# Sick stuff from Nat Geo of all people



## George_Millett (Feb 26, 2009)

Cross posting this from another forum I am on

National Geographic: NO to Melissa Bachman Series | Facebook

General gist is that the program is about the 'hunter' named above.

I take it that I won't have to work to hard to convince people to join, and ordinarily I don't have issues with hunting.


----------



## naja-naja (Aug 26, 2009)

what is the issue with this particular hunter?


----------



## mrcriss (Nov 2, 2010)

I would've thought it's that Nat Geo, a channel that extols the virtue of caring for the planet and produces so many wonderful nature docs, is televising the slaughter of so many animals....glamourising it with some grinning idiot of a woman to make it look acceptable...sexy even! How many bears does she _really_ need to kill?

It's pretty sick and vile.


----------



## PPVallhunds (May 23, 2010)

aperantly she isnt going to be on it anymore, one of the posts on the facebook page is an email they got sayting they will be dropping her from the program as hunting is not the phcous of the program. Apperantly its 'surviving the wilds of Alaska'


----------



## nick gilchrist (Oct 16, 2008)

At last! a :censor: that you could bitch slap and have a queue behind you...lease God let this bears mate be standing behind her off camera..waiting for her to turn around.


----------



## mrcriss (Nov 2, 2010)

nick gilchrist said:


> At last! a :censor: that you could bitch slap and have a queue behind you.

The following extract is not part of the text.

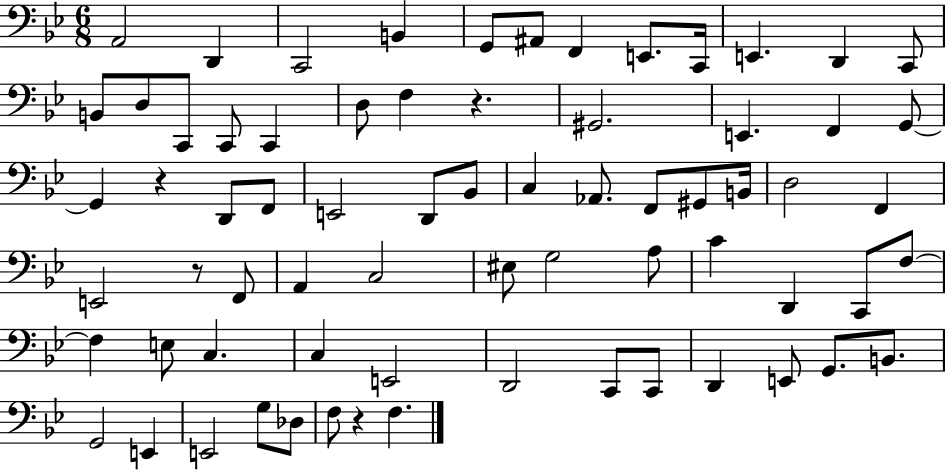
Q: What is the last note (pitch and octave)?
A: F3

I know of at least one other....a regular user on this very forum, that participates in similar murder....and I would happily bitch slap that :censor: too!:bash::2thumb:


----------



## nick gilchrist (Oct 16, 2008)

Its not just the Bears eyes that are now dead and lifeless windows to its soul.


----------



## freekygeeky (May 25, 2007)

Iguana o on to her home page on her website, you see many images. They are all revoltingly placed in life like postures. Revolting!


----------



## TheProfessor (Apr 19, 2011)

I clay pigeon shoot and play paintball and have been offered for poultry shooting but refused to do it! 
I would love to see how she would enjoy being stalked when she was defenceless and have someone popping shots at her in the woods just for trophies and fun!! 

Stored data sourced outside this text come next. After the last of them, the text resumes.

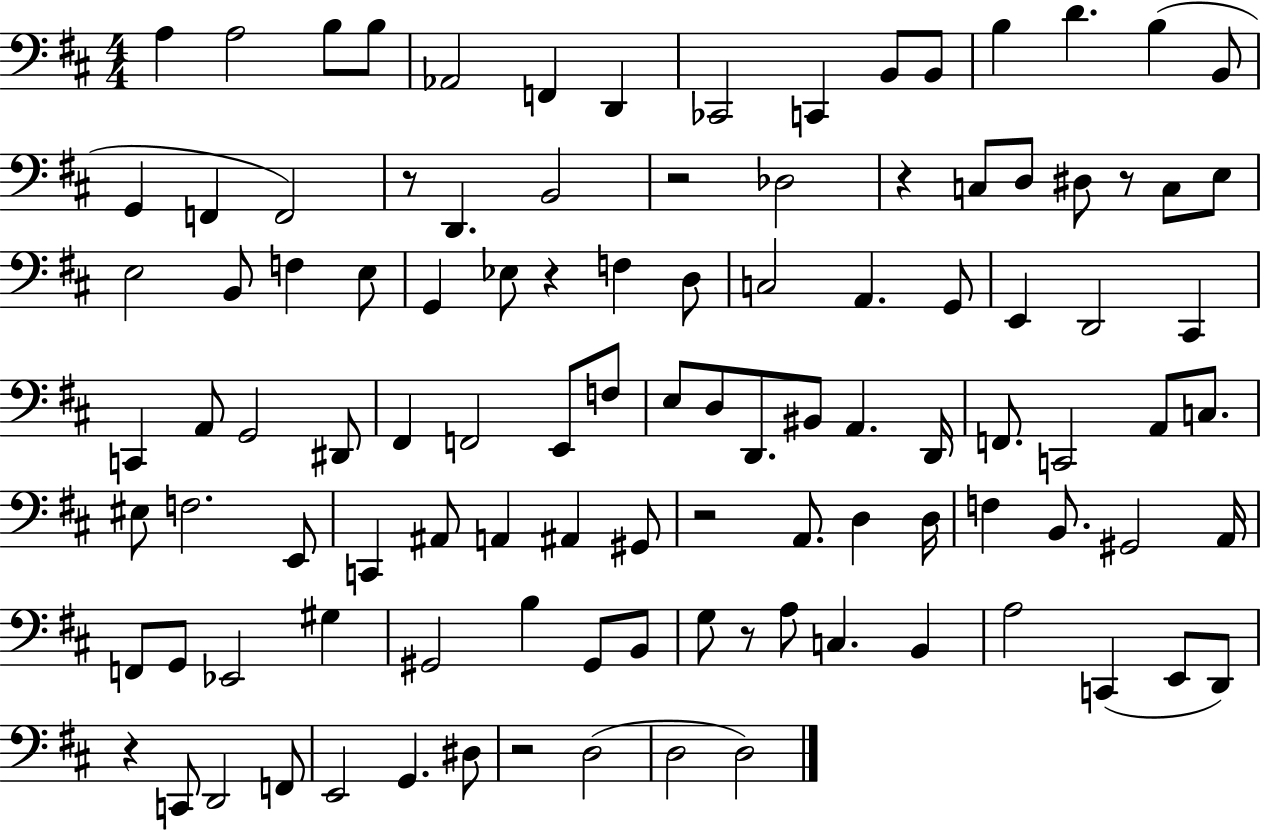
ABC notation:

X:1
T:Untitled
M:4/4
L:1/4
K:D
A, A,2 B,/2 B,/2 _A,,2 F,, D,, _C,,2 C,, B,,/2 B,,/2 B, D B, B,,/2 G,, F,, F,,2 z/2 D,, B,,2 z2 _D,2 z C,/2 D,/2 ^D,/2 z/2 C,/2 E,/2 E,2 B,,/2 F, E,/2 G,, _E,/2 z F, D,/2 C,2 A,, G,,/2 E,, D,,2 ^C,, C,, A,,/2 G,,2 ^D,,/2 ^F,, F,,2 E,,/2 F,/2 E,/2 D,/2 D,,/2 ^B,,/2 A,, D,,/4 F,,/2 C,,2 A,,/2 C,/2 ^E,/2 F,2 E,,/2 C,, ^A,,/2 A,, ^A,, ^G,,/2 z2 A,,/2 D, D,/4 F, B,,/2 ^G,,2 A,,/4 F,,/2 G,,/2 _E,,2 ^G, ^G,,2 B, ^G,,/2 B,,/2 G,/2 z/2 A,/2 C, B,, A,2 C,, E,,/2 D,,/2 z C,,/2 D,,2 F,,/2 E,,2 G,, ^D,/2 z2 D,2 D,2 D,2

Don't get me wrong, I am a realist and am studying zoology so fully understand the need for culling sometimes to ensure balance on a predatory/prey relationship to avoid needless suffering through starvation! However there is ecology study/culture to keep things in balance, and then there is just plan cruel like she is! Killing in that quantity is just un-needed! I bet she doesn't even know about ecology and predatory prey relationships!


----------



## mrcriss (Nov 2, 2010)

TheProfessor said:


> I clay pigeon shoot and play paintball and have been offered for poultry shooting but refused to do it!
> I would love to see how she would enjoy being stalked when she was defenceless and have someone popping shots at her in the woods just for trophies and fun!!
> 
> Don't get me wrong, I am a realist and am studying zoology so fully understand the need for culling sometimes to ensure balance on a predatory/prey relationship to avoid needless suffering through starvation! However there is ecology study/culture to keep things in balance, and then there is just plan cruel like she is! Killing in that quantity is just un-needed! *I bet she doesn't even know about ecology and predatory prey relationships*!

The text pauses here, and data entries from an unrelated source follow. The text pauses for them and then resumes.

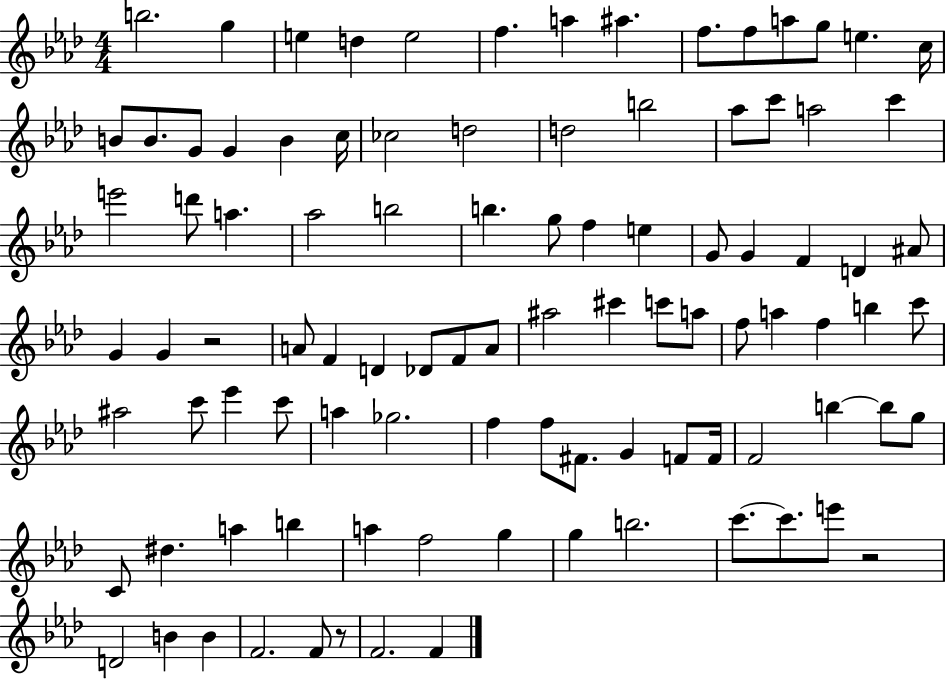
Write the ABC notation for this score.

X:1
T:Untitled
M:4/4
L:1/4
K:Ab
b2 g e d e2 f a ^a f/2 f/2 a/2 g/2 e c/4 B/2 B/2 G/2 G B c/4 _c2 d2 d2 b2 _a/2 c'/2 a2 c' e'2 d'/2 a _a2 b2 b g/2 f e G/2 G F D ^A/2 G G z2 A/2 F D _D/2 F/2 A/2 ^a2 ^c' c'/2 a/2 f/2 a f b c'/2 ^a2 c'/2 _e' c'/2 a _g2 f f/2 ^F/2 G F/2 F/4 F2 b b/2 g/2 C/2 ^d a b a f2 g g b2 c'/2 c'/2 e'/2 z2 D2 B B F2 F/2 z/2 F2 F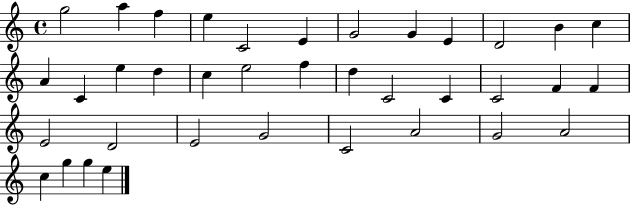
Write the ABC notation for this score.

X:1
T:Untitled
M:4/4
L:1/4
K:C
g2 a f e C2 E G2 G E D2 B c A C e d c e2 f d C2 C C2 F F E2 D2 E2 G2 C2 A2 G2 A2 c g g e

She probably does, but she's just a dumb ******* :censor: and doesn't give a :censor:!


----------



## mrcriss (Nov 2, 2010)

mrcriss said:


> She probably does, but she's just a dumb ******* :censor: and doesn't give a :censor:!


ooops! was a bit drunk when I wrote that last night.....sorry for losing my cool like that:blush:


----------



## 5plusmany (Sep 29, 2011)

mrcriss said:


> ooops! was a bit drunk when I wrote that last night.....sorry for losing my cool like that:blush:


Don't be...sounds about right to me!


----------



## elmthesofties (Aug 24, 2012)

There are no words to express my feelings towards that. Unbelievable.


----------



## JackR (Dec 14, 2010)

I'd love to see someone hunt her! Bloody ridiculous woman!


----------